There’s been a lot of confusion today about Slovakia’s role in passing a plan to expand the European Financial Stability Facility.
The tiny country is the last to vote on the EFSF, the linchpin of the second Greek bailout and the backstop against contagion spreading like wildfire throughout the eurozone.
For up-to-the minute updates, check out our live coverage of the decision.
Here’s what’s really going to happen in Slovakia today:
– Disagreement over the expansion plan lies within the parties of the governing coalition. Prime Minister Iveta Radicova, her SDKU-DS party, and two of the other three parties in her coalition are in favour of the EFSF plan. Together the three parties control 57 seats.
– The coalition’s Freedom and Solidarity Party (SaS) (22 seats) disagrees with the EFSF expansion in principle, and has conceded that it will only pass the plan if provisions for a permanent replacement to the EFSF — the European Stability Mechanism — are omitted. This is unacceptable to both Europe and the rest of the governing coalition.

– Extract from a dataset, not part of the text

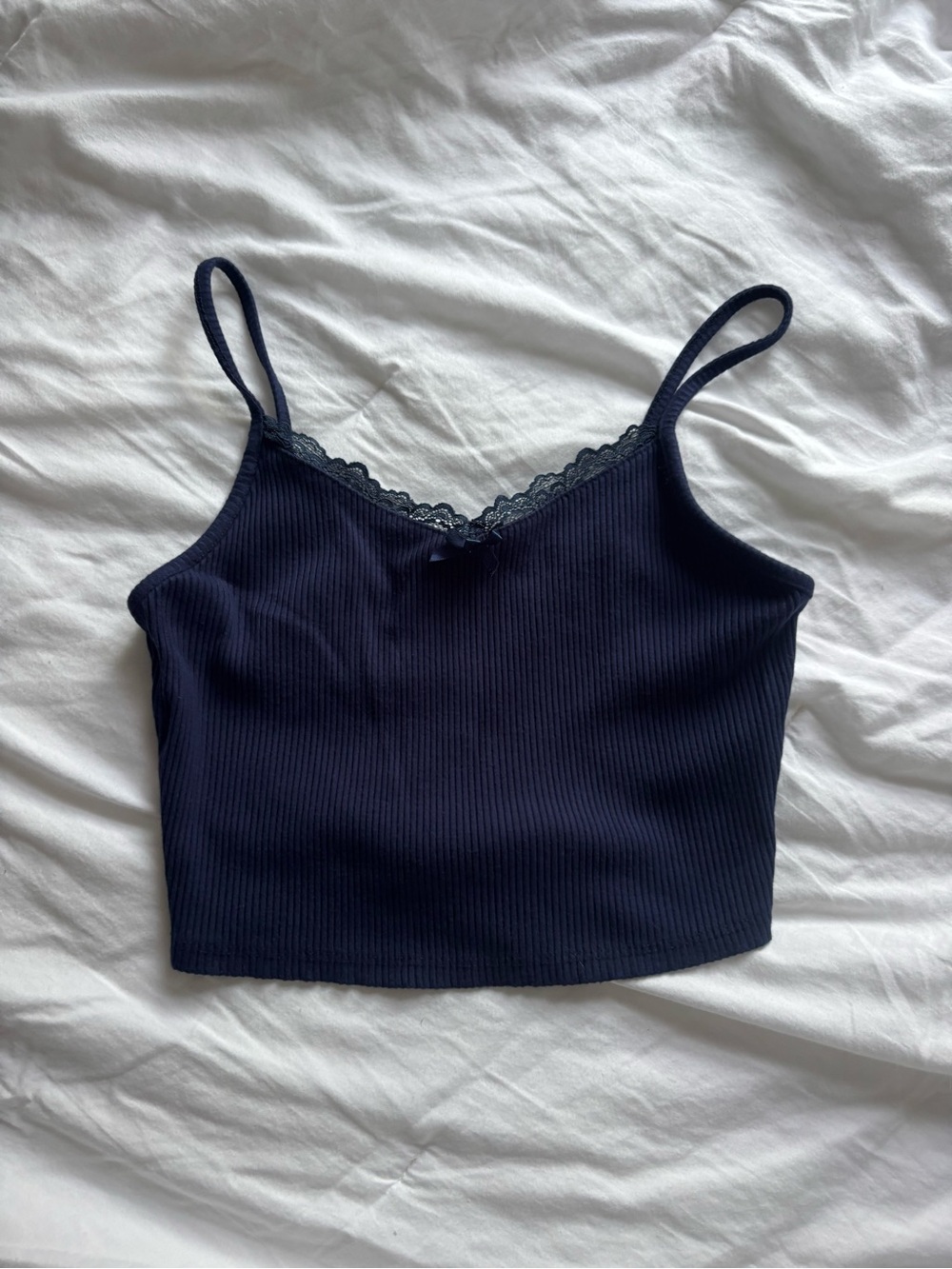 Urban Outfitters Navy Ribbed Lace-Trim Cami Tank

The SaS has threatened to abstain from the vote.
– Robert Fico — the head of the popular opposition party Smer (62 seats) — said that although his party will not approve the plan on a first vote, it does agree with the EFSF expansion in principle.
– Fico has told the press that his party will affirm the plan on a later vote, but that such an agreement will entail the dissolution of the governing coalition. He said during the debate, “We say no” to the current government but “We say yes” to the EFSF. U.S. markets went positive on this.

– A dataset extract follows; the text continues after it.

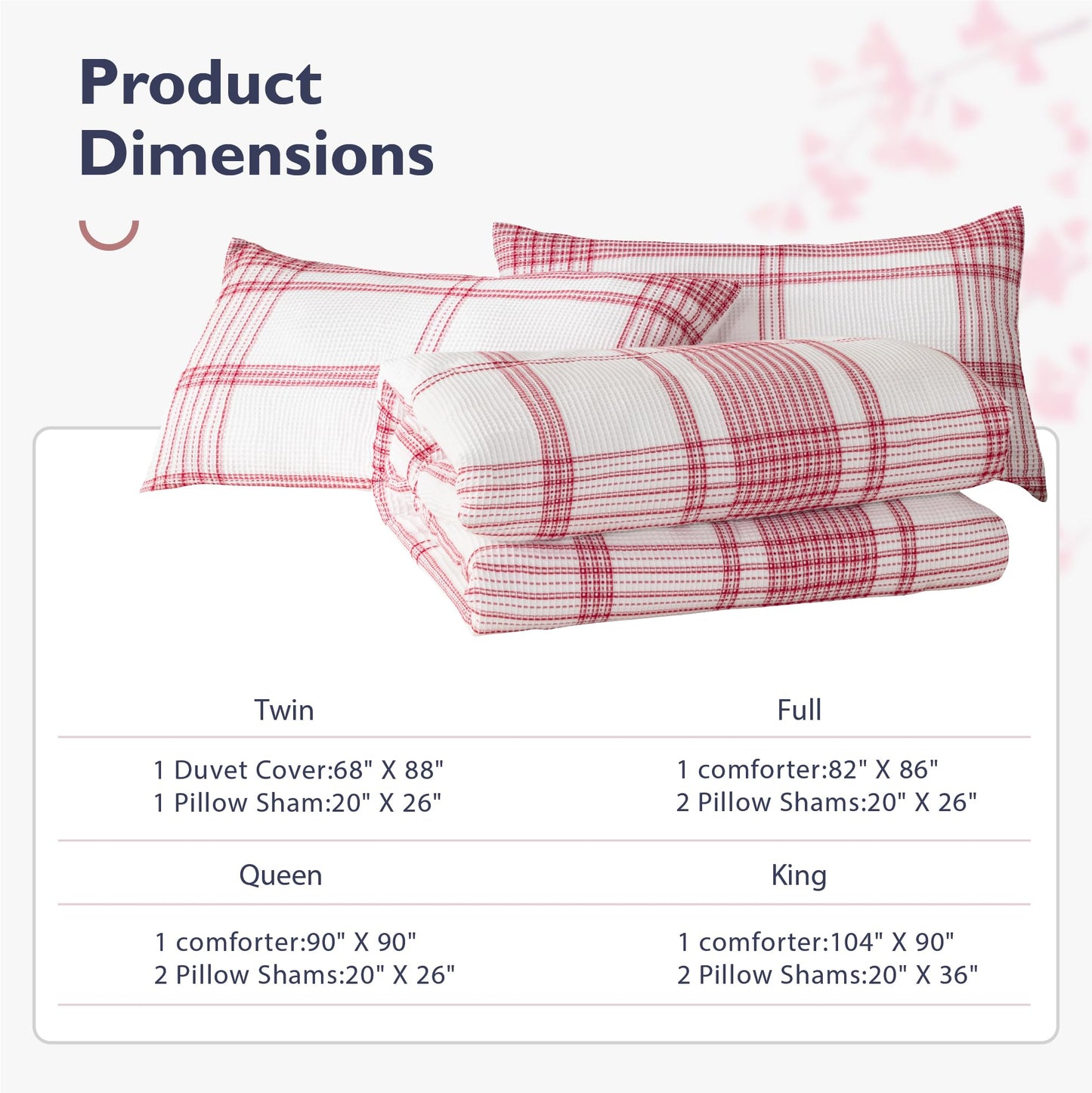 ALPHA HOME 100% Cotton Jacquard Comforter Set Full Size, 3 Pieces with Comforter & Pillow Shams, Cozy Waffle Weave Bedding Sets for All Season, Crimson Red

– Without full accord from the coalition, coalition votes in favour of the plan will not outnumber Smer’s nays in the first vote.

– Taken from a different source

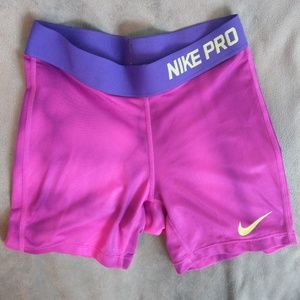 Nike Pro shorts purple with neon green accents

– PM Radicova has said that a second vote will be a confidence vote. The Smer party will not vote in favour of this.
– Radicova will eventually seek support from the Smer party in exchange for toppling the government, and a Smer-approved vote will pass overwhelmingly.
– The success of the EFSF plan now appears assured. Pressure from Europe is too great not to pass the plan for the sake of maintaining the government, particularly when consensus within the parliament favours approval.
– Unless the SaS does a last-minute about-face, the EFSF will pass and the governing coalition in Slovakia will fall.